El segundo tipo tropezó hacia atrás y se separó de Midori, haciendo el molinillo con el brazo izquierdo. Llevaba una pistola en la otra mano e intentaba mantenerla delante de él.
Lancé el extintor como si fuera un misil y le di de pleno. Se desplomó y me coloqué encima de él enseguida, agarré la pistola y se la arranqué de la mano. Antes de que pudiera levantar las manos para protegerse, le di con la culata en el mastoides, detrás de la oreja. Se oyó un fuerte crujido y se quedó inerte.
Me giré y levanté la pistola, pero su amigo no se movía. Tenía la cara como si acabara de chocar contra un mástil.
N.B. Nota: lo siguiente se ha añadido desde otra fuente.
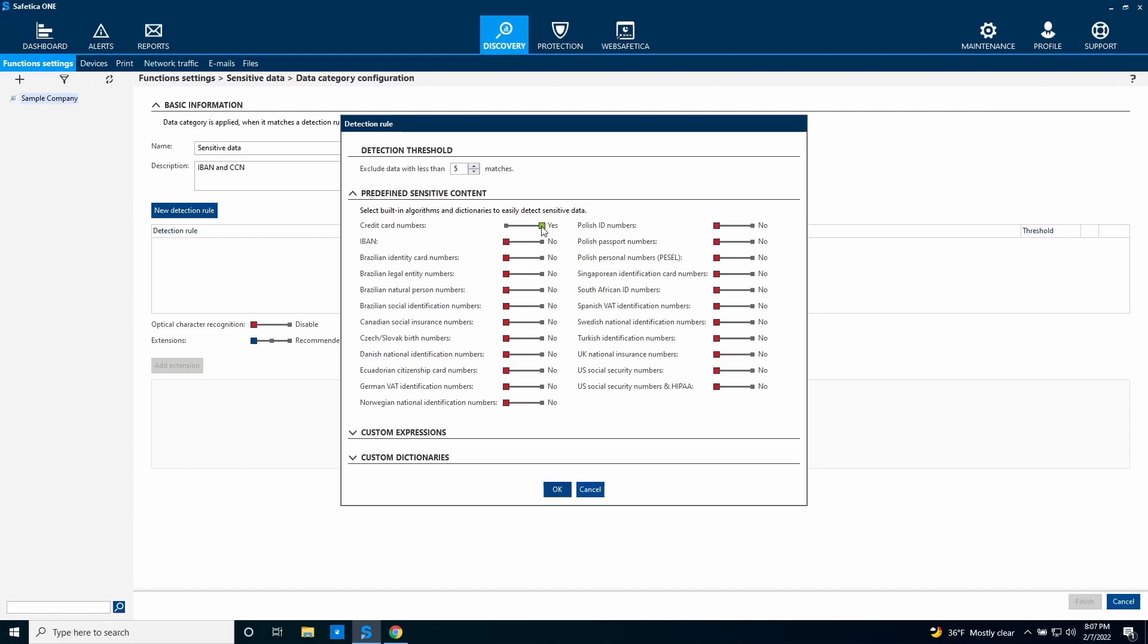In this example, SafetyCA client will search for credit card numbers. You can also modify the threshold, so SafetyCA doesn't classify files with less than the defined number of matches.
Me volví hacia Midori justo a tiempo de ver a un tercer matón saliendo del ascensor, donde debía de estar apostado desde el comienzo. Sujetó a Midori por el cuello desde atrás con la mano izquierda, intentando usarla como escudo, mientras se llevaba la mano derecha al bolsillo de la chaqueta en busca de un arma. Pero antes de que la sacara, Midori hizo un giro en el sentido contrario al de las agujas del reloj, le agarró la muñeca izquierda y le retorció el brazo hacia fuera y hacia atrás con una típica llave san-kyo de aikido. Su reacción puso de manifiesto que estaba preparado: lanzó el cuerpo en dirección a la llave para evitar que se le rompiera el brazo y aterrizó con una caída suave de ukemi . No obstante, antes de que pudiera recuperarse cubrí la distancia y le propiné una patada estilo gol de campo en la cabeza con la fuerza suficiente como para que levantara todo el cuerpo del suelo.